Il giorno dopo circa 50 famiglie cristiane hanno lasciato la zona per paura di rappresaglie e attacchi da parte degli estremisti.

Poiché secondo le forze dell’ordine, la vita di Younis era in pericolo anche all’interno della stazione di polizia, subito dopo l’interrogatorio è stato trasferito nel carcere di Kot Lakhpat.

La legge sulla blasfemia fa riferimento a due sezioni del Codice di Procedura Penale pakistano (295 b e c), che condannano le offese al Corano o al nome del Profeta. La pena prevista arriva all’ergastolo, ma la legge viene spesso utilizzata dai musulmani integralisti per vendicarsi di avversari politici o nemici personali, oppure per vendette private.

L’anno scorso il Parlamento pakistano ha approvato una legge volta a ridurre la portata delle restrittive leggi sulla blasfemia. L’emendamento alla legge consiste nel fatto che i funzionari di polizia dovrebbero investigare sulle accuse di blasfemia per assicurarsi che siano fondate prima di incriminare gli accusati.

Monsignor Saldanha ha affermato che “modificare la legge sulla blasfemia non serve, gli estremisti continuano a usarla per i loro fini personalistici cercando di punire i presunti responsabili arrestati senza prove o indagini”.

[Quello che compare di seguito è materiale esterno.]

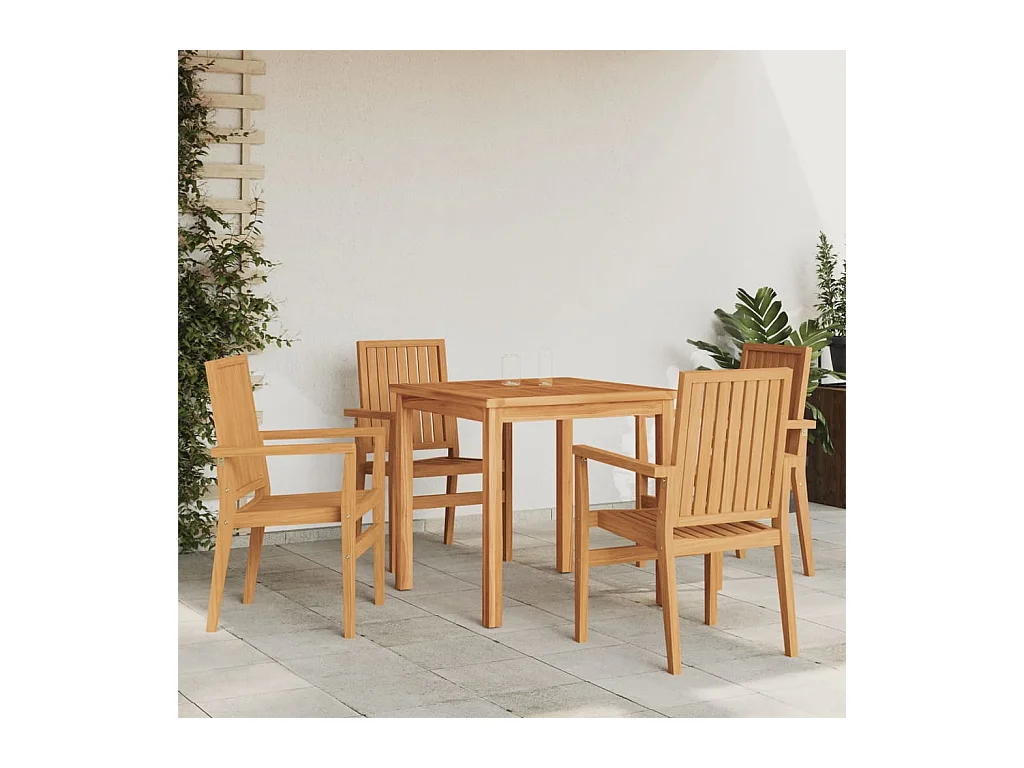 Chaises de jardin empilables lot de 4 56,5x57,5x91 cm bois teck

“Questa legge crea un senso di paura e insicurezza tra le minoranze e la Chiesa ne chiede la completa abrogazione”, ha aggiunto.

Dello stesso avviso anche l’Alleanza delle Minoranze di tutto il Pakistan (“All Pakistan Minorities Alliance”, APMA), la Commissione Nazionale Giustizia e Pace ed altri gruppi della società civile.

Il Presidente dell’APMA, Shabbaz Bhatti, ha chiesto al Governo la creazione di una Commissione giudiziaria per indagare sul caso “aperto senza nessuna prova contro Younis”.

Bhatti ha anche sottolineato che nessuno di coloro che hanno assaltato l’abitazione dell’uomo è stato arrestato. Come già fatto in precedenza, il Presidente dell’APMA continua a denunciare gli “abusi di questa legge”, che in Pakistan colpisce non solo le minoranze, ma anche gli stessi musulmani.

“Quello di blasfemia è un concetto vago – ha spiegato – e questa legge è usata per sistemare sia dispute private, che inimicizie interreligiose”.

La maggior parte delle volte, gli acusati di blasfemia e le loro famiglie corrono pericolo di morte a causa degli estremisti, decisi a farsi giustizia da sé.

In Pakistan i cristiani rappresentano il 2,5% dei 155 milioni di abitanti, per il 97% musulmani (perlopiù sunniti; gli sciiti sono circa il 20%). Nel Paese ci sono 1,2 milioni di cattolici.